“You'll have to spend half of it at John the Barber's getting your voice marceled and your face manicured,” snarled Pinkie. “Come, Reg, and dance with me: these bounders bore me.”
“Run along, Pinkie, and fox-trot your grouch away with Shine Taylor. Here comes the wine I ordered—What's your name, girlie? Where did you meet Grimsby?”
“Oh, we're old friends,” and Helene maliciously spilled a bottle over the interrogator's waistcoat, as she reached forward to shake his hand. “My name's Bonbon, you wouldn't believe me if I told you my real name, anyway. Who are you?”

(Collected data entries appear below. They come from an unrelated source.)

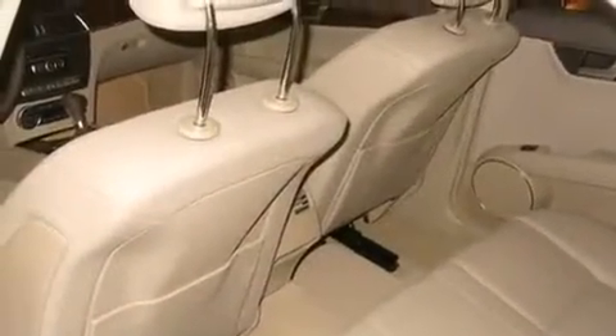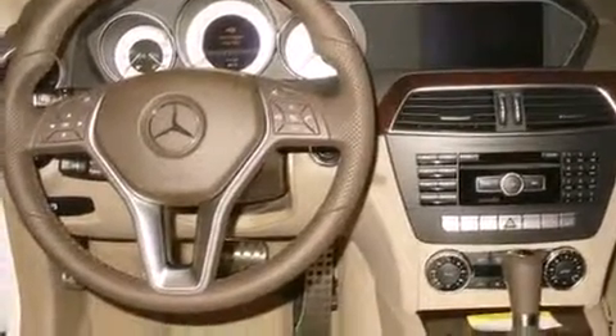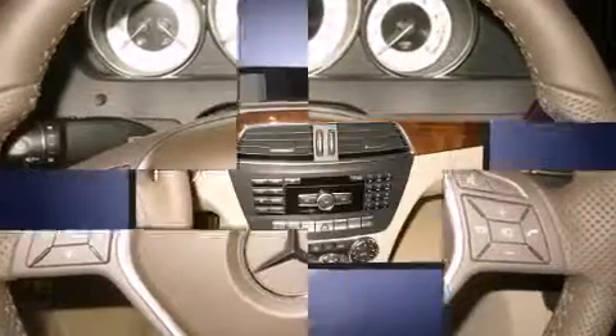All of the premium features expected of a Mercedes-Benz are offered, including front and rear reading lights, a built-in garage door transmitter, and an automatic dimming rear-view mirror.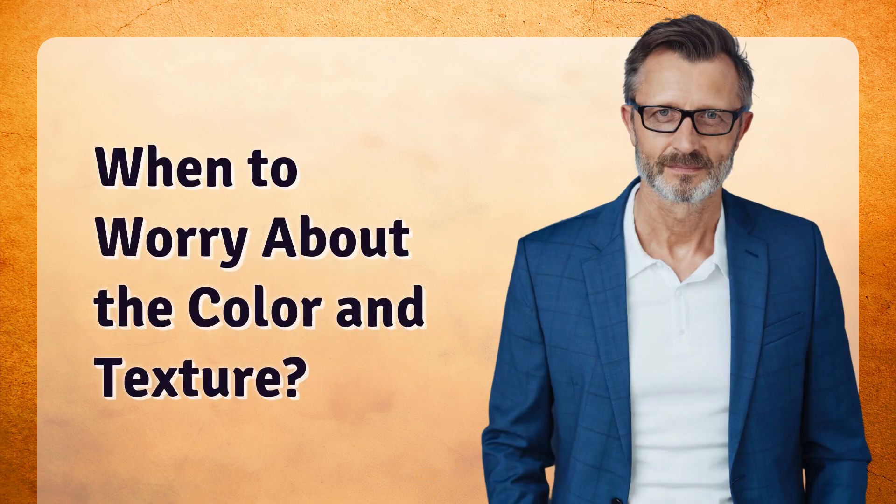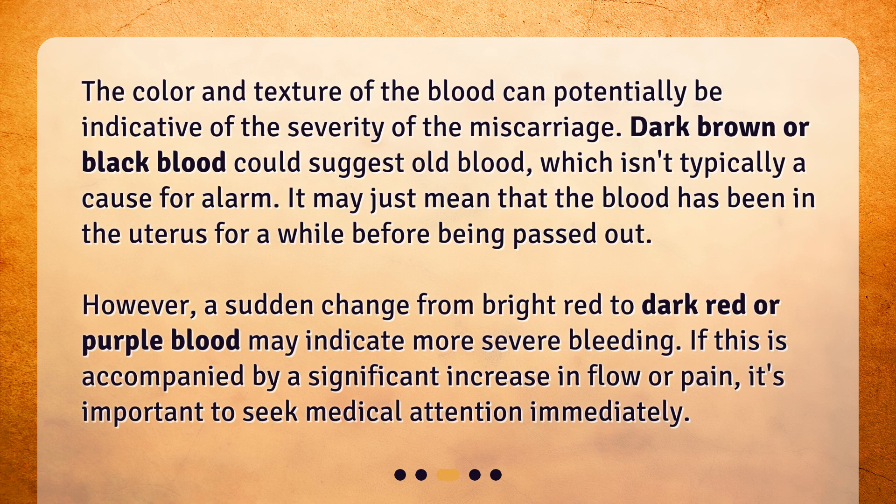The color and texture of the blood can potentially be indicative of the severity of the miscarriage. Dark brown or black blood could suggest old blood, which isn't typically a cause for alarm — it may just mean the blood has been in the uterus for a while. However, a sudden change from bright red to dark red or purple blood may indicate more severe bleeding. If this is accompanied by a significant increase in flow or pain, it's important to seek medical attention immediately.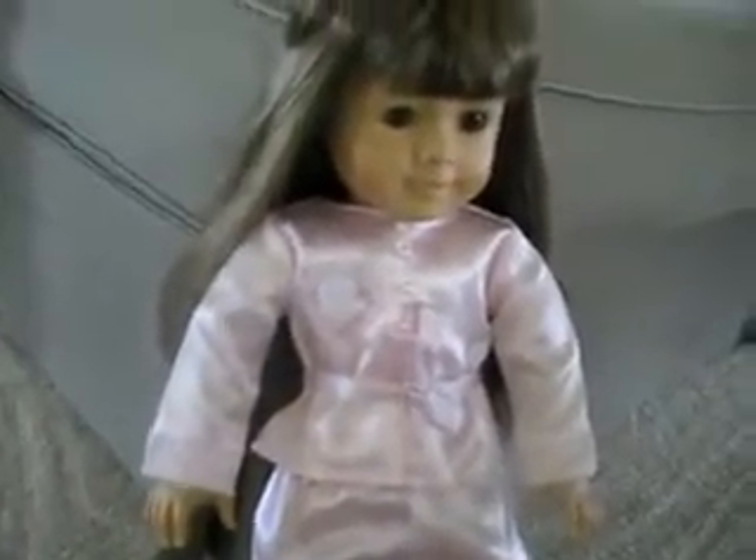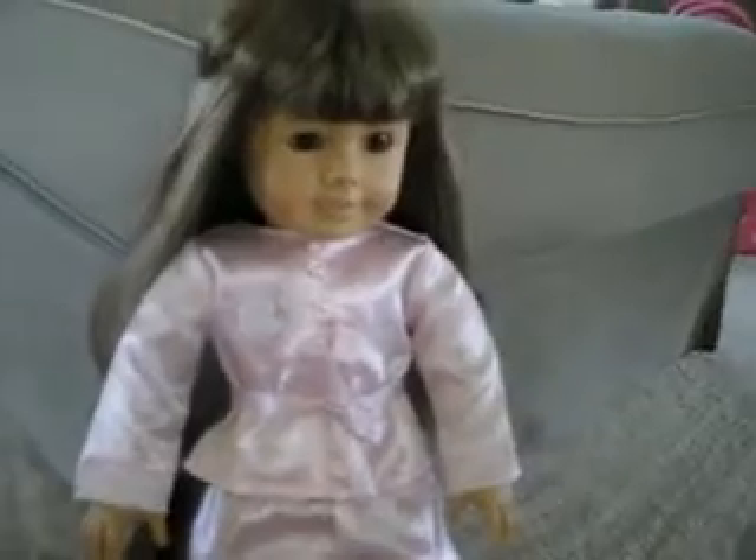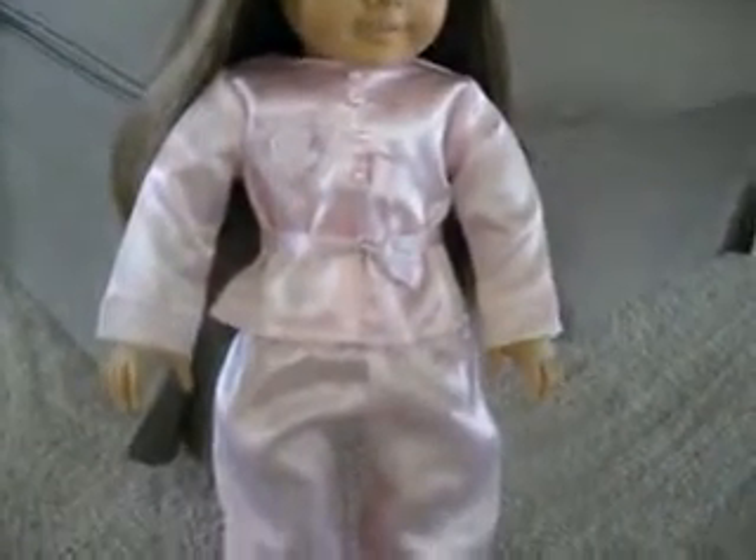They're pink and silky and they have polka dots on them — I love polka dots. They do have a little R on the pocket, which you'll be able to see better in photos, but that's not a big deal to me. These pajamas do fit Samantha very well. The sweetheart pajamas from the American Girl Collection were too snug on her, but these fit her very well.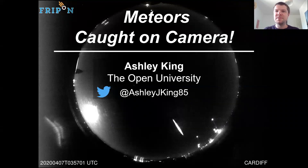Hi everybody, my name is Ashley King and I'm a lecturer in planetary science in the School of Physical Sciences at the Open University. This is the second of these lockdown lectures that I recorded. The first one was about meteorites — rocky pieces of asteroids and other planetary bodies that land on the Earth's surface, which we can study in the laboratory to understand how the solar system formed and evolved over the last four and a half billion years.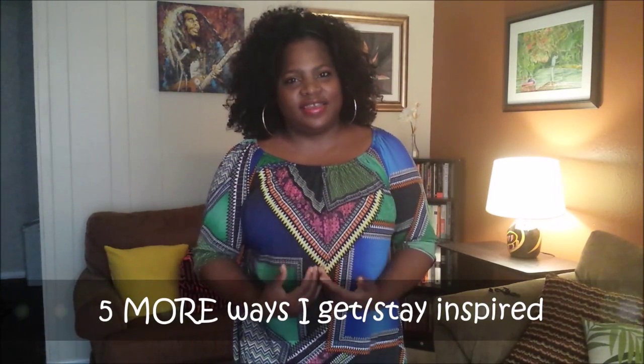Hi everybody, it's your girl Wandika, originally from Jamaica, and today I want to show you 5 more ways I get inspired.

“I'm not Neptune,” he retorted, as he mopped the bubbles with a napkin. “You've started in badly.” Shirley mentally disagreed. His stupor still obsessed him, but he noted with interest that Warren paid the check for his bottle with a new one-hundred dollar bill. Warren could elicit nothing from Helene but silly laughter, and so he arose impatiently, as Shine Taylor returned to whisper something in his ear. “I must be getting back to my apartment. Bring Grimsby up to it to-night: a little bromo will bring him back to the land of the living. I'll have a jolly crowd there—top floor of the Somerset, on Fifty-sixth Street, you know, near Sixth Avenue. Come up after the show.”
“We're going to the Winter Garden,” suggested Helene, at a nudge from Shirley, and Warren nodded.
“I'll try to see you later, anyway. Goodbye!”
Losing interest in the proceedings, as the time for reckoning the bill approached, the other gallants followed these two. Alone, again, Shirley ordered some black coffee, and smiled at his assistant.
“He told the truth for once.”
“What do you mean?”
“He will try to see us later. That man is a member of the murderous clan whom we seek. 'To-night is the night' for the exit of William Grimsby—but, perhaps we may have a stage wait which will surprise them.”